Donald Trump hasn’t even been inaugurated yet, and already the aging bonzes of the MSM are in full meltdown — or, as they like to call it, “resistance” — mode, complaining about the Russians, James Comey, the Electoral College and now the Supreme Court. Weep along with the New York Times:
Soon after his inauguration next month, President-elect Donald Trump will nominate someone to the Supreme Court, which has been hamstrung by a vacancy since the death of Justice Antonin Scalia in February. There will be public debates about the nominee’s credentials, past record, judicial philosophy and temperament. There will be Senate hearings and a vote. No matter how it plays out, Americans must remember one thing above all: The person who gets confirmed will sit in a stolen seat.
It was stolen from Barack Obama, a twice-elected president who fulfilled his constitutional duty more than nine months ago by nominating Merrick Garland, a highly qualified and widely respected federal appellate judge.
It was stolen by top Senate Republicans, who broke with longstanding tradition and refused to consider any nominee Mr. Obama might send them, because they wanted to preserve the court’s conservative majority. The main perpetrators of the theft were Mitch McConnell, the majority leader, and Charles Grassley, chairman of the Judiciary Committee. But virtually all Republican senators were accomplices; only two supported holding hearings.
Oh, boo-hoo; as Mr. Dooley famously said, “politics ain’t beanbag.” The Democrats were perfectly content to have Barack Obama flip the bird to the GOP and say, “I won”; to have Harry Reid all but eliminate the filibuster; and to have Joe Biden long ago having gone on record to say that Supreme Court vacancies close to an election ought to wait for the new president and the new Congress.
What a bunch of crybaby losers. Here’s what I had to say back in April in the New York Post:
Democratic candidates and the liberal media agree: the GOP’s insistence on waiting until the next president to fill Antonin Scalia’s vacancy on the Supreme Court is horrible — and will certainly hurt them in the fall election.
I offer an opposing view: No one cares.
The pressure to appoint him is a political campaign, orchestrated by the bully pulpit of the White House, amplified by Beltway media types. Republicans are right to resist it — and rightly argue that the confirmation of the swing vote should wait until after the election.
After all, Article 3 of the constitution, which establishes the Supreme Court, is silent on its numerical composition, and leaves the rest (including the entire federal judiciary) up to Congress. Indeed, there’s nothing in the founding document that sets the number of justices at the now-traditional nine, which dates from 1869. It’s been as low as six, and as high as 10; during the New Deal, a stymied FDR proposed raising it to 15, but Congress declined.

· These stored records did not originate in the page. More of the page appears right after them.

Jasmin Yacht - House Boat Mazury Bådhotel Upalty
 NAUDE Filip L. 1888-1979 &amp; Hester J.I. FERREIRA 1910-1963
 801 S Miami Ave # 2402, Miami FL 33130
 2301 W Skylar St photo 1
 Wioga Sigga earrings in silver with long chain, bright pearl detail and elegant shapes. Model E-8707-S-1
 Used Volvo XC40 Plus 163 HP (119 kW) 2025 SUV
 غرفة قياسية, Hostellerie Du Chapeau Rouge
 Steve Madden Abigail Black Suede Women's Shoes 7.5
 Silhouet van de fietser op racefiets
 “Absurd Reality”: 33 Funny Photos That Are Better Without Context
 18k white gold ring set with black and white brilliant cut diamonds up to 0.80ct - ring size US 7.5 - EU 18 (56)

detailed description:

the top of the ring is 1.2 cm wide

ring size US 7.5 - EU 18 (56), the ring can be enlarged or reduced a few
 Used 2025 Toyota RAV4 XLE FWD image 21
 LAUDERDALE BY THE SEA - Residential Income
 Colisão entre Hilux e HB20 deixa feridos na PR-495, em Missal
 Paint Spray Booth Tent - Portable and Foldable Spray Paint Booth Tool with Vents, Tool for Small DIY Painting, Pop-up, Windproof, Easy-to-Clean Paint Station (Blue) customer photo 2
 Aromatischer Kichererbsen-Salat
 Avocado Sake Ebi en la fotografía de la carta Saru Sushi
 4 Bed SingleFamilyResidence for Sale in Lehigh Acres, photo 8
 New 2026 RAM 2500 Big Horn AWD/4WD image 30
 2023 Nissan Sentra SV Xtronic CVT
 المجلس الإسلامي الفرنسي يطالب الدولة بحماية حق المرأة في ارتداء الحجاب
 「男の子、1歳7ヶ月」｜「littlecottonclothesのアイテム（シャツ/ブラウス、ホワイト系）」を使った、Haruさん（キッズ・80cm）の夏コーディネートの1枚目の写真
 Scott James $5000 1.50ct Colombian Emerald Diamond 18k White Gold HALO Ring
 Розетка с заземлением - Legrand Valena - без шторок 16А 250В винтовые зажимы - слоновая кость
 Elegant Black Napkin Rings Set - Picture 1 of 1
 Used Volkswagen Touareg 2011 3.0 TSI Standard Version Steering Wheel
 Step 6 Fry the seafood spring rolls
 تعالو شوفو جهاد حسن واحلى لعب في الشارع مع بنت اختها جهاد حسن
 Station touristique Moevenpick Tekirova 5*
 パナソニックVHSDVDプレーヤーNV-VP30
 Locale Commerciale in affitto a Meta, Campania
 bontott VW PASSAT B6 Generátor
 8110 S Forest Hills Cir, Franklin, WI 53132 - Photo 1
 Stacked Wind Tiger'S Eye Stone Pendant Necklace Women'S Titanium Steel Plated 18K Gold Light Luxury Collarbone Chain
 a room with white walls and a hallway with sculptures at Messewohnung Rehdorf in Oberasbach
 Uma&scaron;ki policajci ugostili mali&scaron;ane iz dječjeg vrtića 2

Obama’s thinking in proposing the liberal Garland is simple: to nominate a respected judge whose judicial record on such hot-button issues as gun control and campaign-finance laws is murky enough to pass wishful muster on both sides and dare the Republican majority in the Senate to reject him. “At no point did I say: ‘Oh, you know what? I need a black lesbian from Skokie in that slot,” he half-joked.
This transparent lame-duck electoral gambit is an offer the GOP can easily refuse. After all, while the Senate must give its “advice and consent” to significant appointments, there’s no rush and no timetable. Indeed, eight of the last 38 court nominations have failed for one reason or another and there hasn’t been a justice nominated by a Democrat president and approved by a GOP-held senate since 1895.
Kudos to the GOP for holding firm on the Garland nomination — the new president will have the opportunity to appoint at least one, and maybe three or four justices during two full terms. If he gets it right, he can put the Court out of the reach of the Left for a lifetime, thus depriving them of their favorite super-legislature and restoring the Court to its proper judicial function.